O processo de adesão é longo e criterioso. Nos últimos casos durou mais de três anos, já chegou a ultrapassar cinco anos e pode ser interrompido a qualquer momento. Trata-se de um processo rigoroso porque um dos principais objetivos da expansão do número de membros é justamente que mais países adotem as cartilhas da organização.
Considerações geopolíticas certamente pesaram muito na decisão da OCDE em convidar o Brasil neste momento, fazendo vista grossa às atrocidades do governo Bolsonaro. Entre estas considerações, talvez a principal seja a China. A OCDE também é um vetor importante na tentativa do Ocidente de mitigar sua perda de influência no mundo frente ao crescimento chinês.
O Brasil é, obviamente, um palco relevante desta disputa e as incertezas que trazem o processo eleitoral muito provavelmente influenciaram na decisão de não postergar o convite de adesão. Dando início ao processo formal, a OCDE “amarra” o país na trajetória de adesão, gerando mais dificuldade para uma possível reversão com a eleição de um novo governo menos entusiasta do “clube dos ricos” e mais pragmático (ou hábil) no uso da alternativa chinesa como elemento de barganha.

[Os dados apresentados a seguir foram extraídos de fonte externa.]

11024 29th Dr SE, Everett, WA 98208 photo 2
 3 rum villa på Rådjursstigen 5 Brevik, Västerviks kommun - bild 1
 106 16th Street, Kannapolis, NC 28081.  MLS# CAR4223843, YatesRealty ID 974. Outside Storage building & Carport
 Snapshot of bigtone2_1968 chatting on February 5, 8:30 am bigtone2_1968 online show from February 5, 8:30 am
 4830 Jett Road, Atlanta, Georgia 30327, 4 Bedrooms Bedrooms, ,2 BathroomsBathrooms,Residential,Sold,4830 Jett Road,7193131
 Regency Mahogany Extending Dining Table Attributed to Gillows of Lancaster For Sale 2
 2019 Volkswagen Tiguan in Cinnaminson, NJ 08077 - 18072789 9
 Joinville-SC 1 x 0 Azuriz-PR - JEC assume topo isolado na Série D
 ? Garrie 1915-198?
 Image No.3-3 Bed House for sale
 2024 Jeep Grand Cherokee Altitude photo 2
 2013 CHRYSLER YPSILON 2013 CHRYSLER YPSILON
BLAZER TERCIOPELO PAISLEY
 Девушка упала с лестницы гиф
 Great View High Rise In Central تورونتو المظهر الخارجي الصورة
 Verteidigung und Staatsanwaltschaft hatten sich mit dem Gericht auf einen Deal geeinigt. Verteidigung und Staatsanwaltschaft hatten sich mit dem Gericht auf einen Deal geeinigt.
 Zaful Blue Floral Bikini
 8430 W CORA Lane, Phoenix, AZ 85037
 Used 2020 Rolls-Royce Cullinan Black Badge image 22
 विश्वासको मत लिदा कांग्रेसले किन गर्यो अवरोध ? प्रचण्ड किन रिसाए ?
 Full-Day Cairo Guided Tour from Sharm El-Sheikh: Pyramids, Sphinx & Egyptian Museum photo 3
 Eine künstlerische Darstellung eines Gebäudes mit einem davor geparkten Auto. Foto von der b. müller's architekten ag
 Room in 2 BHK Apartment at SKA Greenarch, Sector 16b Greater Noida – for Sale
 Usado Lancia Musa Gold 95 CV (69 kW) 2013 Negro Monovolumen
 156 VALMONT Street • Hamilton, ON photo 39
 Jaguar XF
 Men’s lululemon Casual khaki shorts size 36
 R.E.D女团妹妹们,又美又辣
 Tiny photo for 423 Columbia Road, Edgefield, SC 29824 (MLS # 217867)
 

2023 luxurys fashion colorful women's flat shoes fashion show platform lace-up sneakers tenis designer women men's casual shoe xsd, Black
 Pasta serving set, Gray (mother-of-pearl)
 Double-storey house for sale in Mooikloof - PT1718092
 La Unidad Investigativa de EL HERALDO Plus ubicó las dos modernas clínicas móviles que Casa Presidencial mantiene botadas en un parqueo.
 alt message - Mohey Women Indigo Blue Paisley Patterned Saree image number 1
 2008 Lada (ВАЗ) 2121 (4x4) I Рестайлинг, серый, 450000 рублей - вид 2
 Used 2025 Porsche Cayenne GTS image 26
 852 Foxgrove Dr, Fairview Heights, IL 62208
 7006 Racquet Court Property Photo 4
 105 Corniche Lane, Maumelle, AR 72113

E mesmo no cenário mais improvável de reeleição, a OCDE também ganha, já que o processo de adesão possibilitará o avanço de sua agenda de reformas no país e, caso essa possibilidade não se realize e o custo político da proximidade com Bolsonaro se torne insustentável, ela pode sempre se utilizar da suspensão do processo, como já o fez com a Rússia, na ocasião da invasão da Ucrânia em 2014.
Ainda que se possa criticar o pragmatismo inconsequente da OCDE com o passo inicial precipitado, o processo de adesão não será um jogo de cena. Portanto, trará oportunidades para impulsionar reformas e melhoria de políticas públicas – ou ao menos frear novos retrocessos – em áreas como a proteção do meio ambiente, a transparência fiscal e a integridade pública. Quanto maior for o espaço de participação da sociedade civil, do setor privado e de setores variados da administração pública neste processo, maiores as chances de que prevaleça o interesse público.
O pragmatismo da OCDE vem muito de seu foco, mais restrito que outros organismos multilaterais, no desenvolvimento econômico. Mas não se deve esquecer que ela surgiu para a reconstrução de um continente arrasado pelo colapso da democracia. Este pragmatismo, portanto, tem limites.